PROBLEM REQUIREMENTS
Omitting all pictures, retype the entries below exactly as given.

EXERCISE DATA
..............................

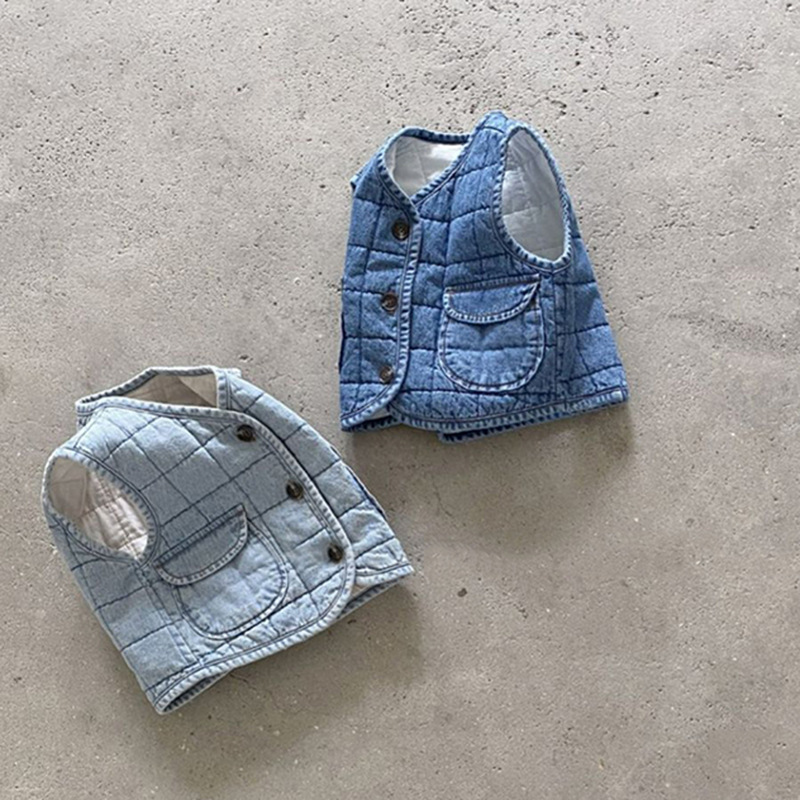 Picture of Children's Korean-style winter casual jacket for boys and girls vintage washed distressed quilted plaid baby Denim vest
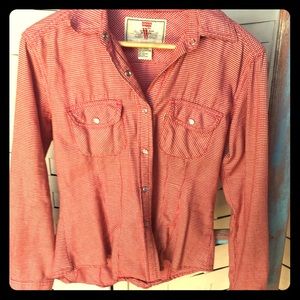 Woman’s Levi’s flannel shirt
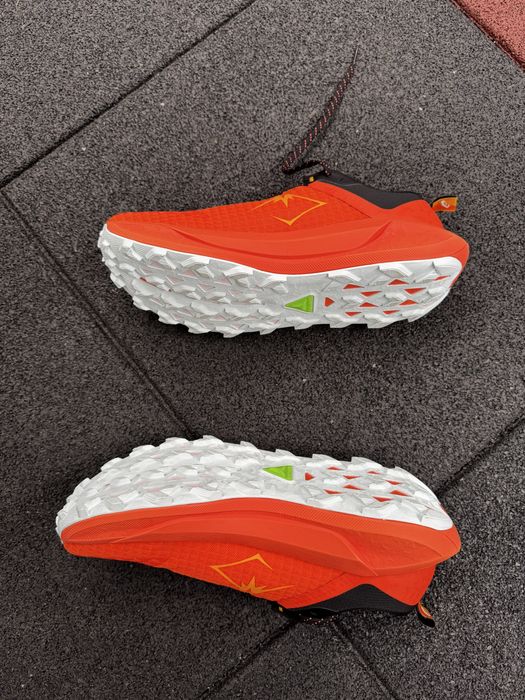 Tenis corrida trail Asics Trabuco 13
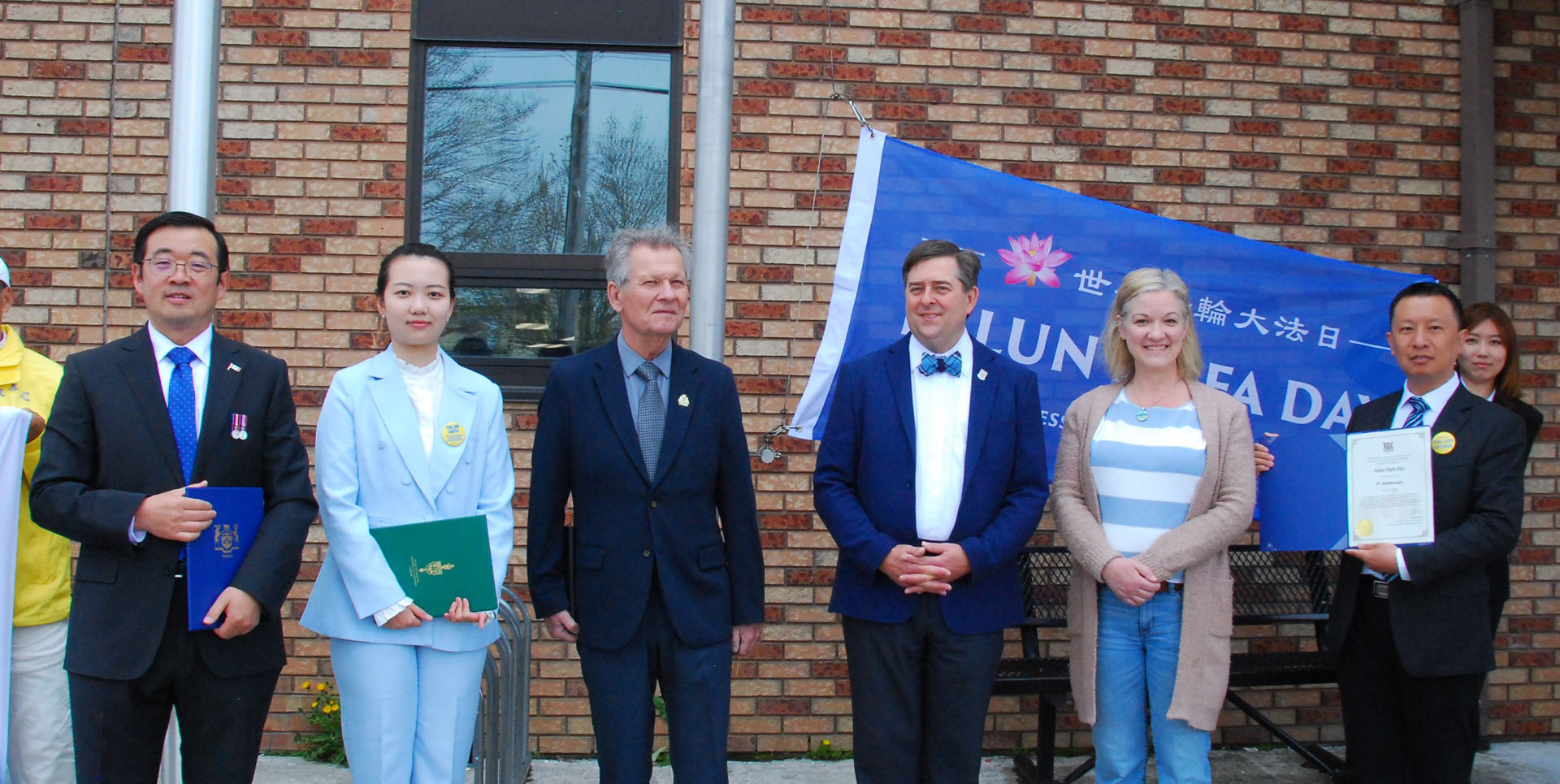 图1:布莱顿市长布赖恩·奥斯特兰德(Brian Ostrander)(右三)、市议员博比·赖特(Bobbi Wright)(右二)、副市长唐·安德森(Don Anderson)(左三)与法轮功学员一起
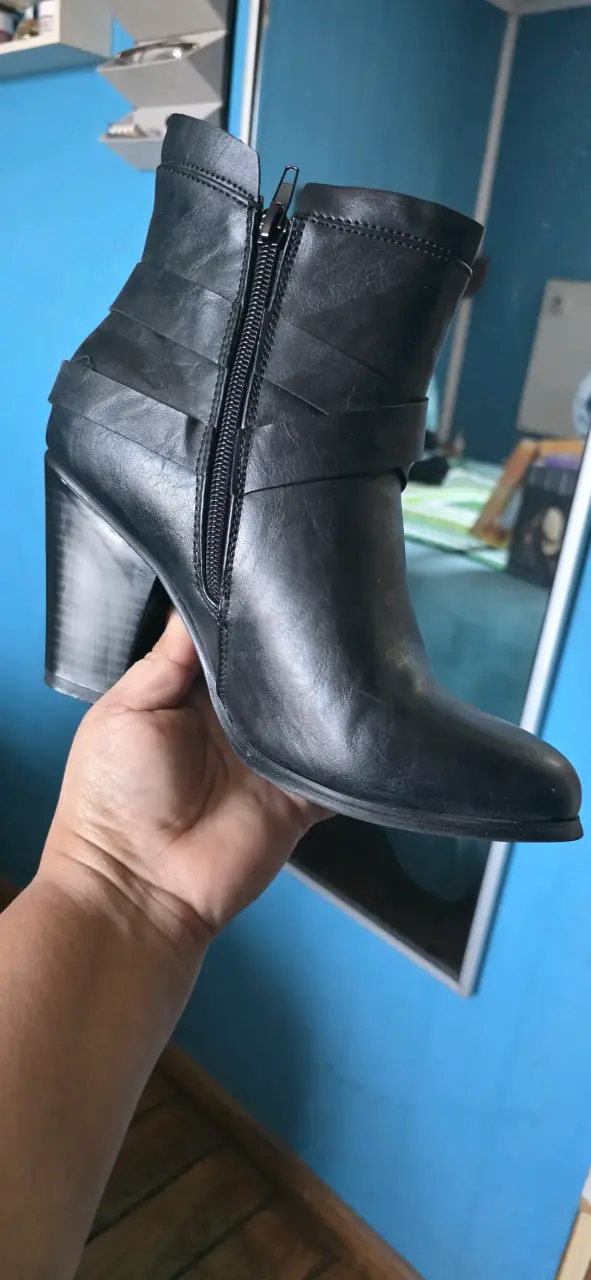 Botines negros con hebillas - 2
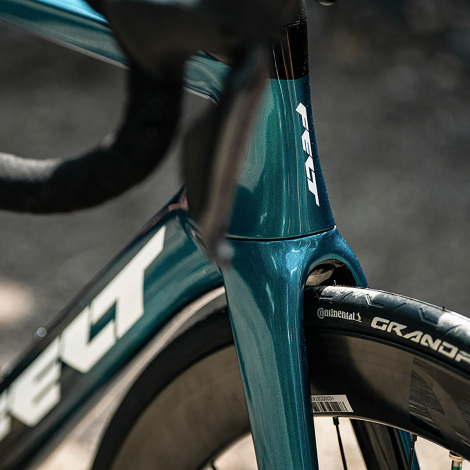 FELT AR3 ロードバイク カーボンフレーム 700C FELT AR3 ロードバイク カーボンフレーム 700C エアロロードバイク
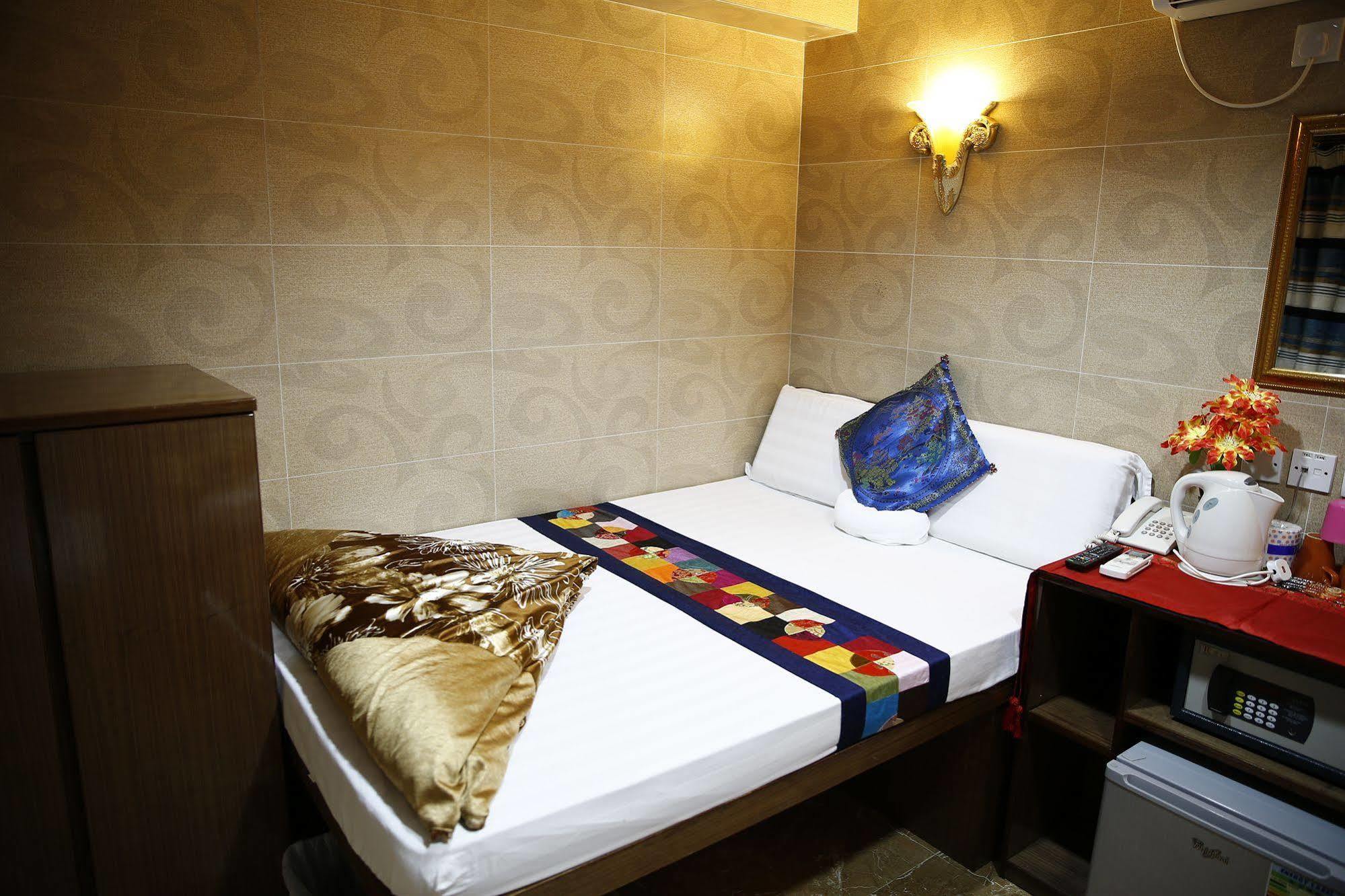 Sandhu Guest house 2*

..............................

SOLUTION TO THE PROBLEM
 Picture of Children's Korean-style winter casual jacket for boys and girls vintage washed distressed quilted plaid baby Denim vest
 Woman’s Levi’s flannel shirt
 Tenis corrida trail Asics Trabuco 13
 图1:布莱顿市长布赖恩·奥斯特兰德(Brian Ostrander)(右三)、市议员博比·赖特(Bobbi Wright)(右二)、副市长唐·安德森(Don Anderson)(左三)与法轮功学员一起
 Botines negros con hebillas - 2
 FELT AR3 ロードバイク カーボンフレーム 700C FELT AR3 ロードバイク カーボンフレーム 700C エアロロードバイク
 Sandhu Guest house 2*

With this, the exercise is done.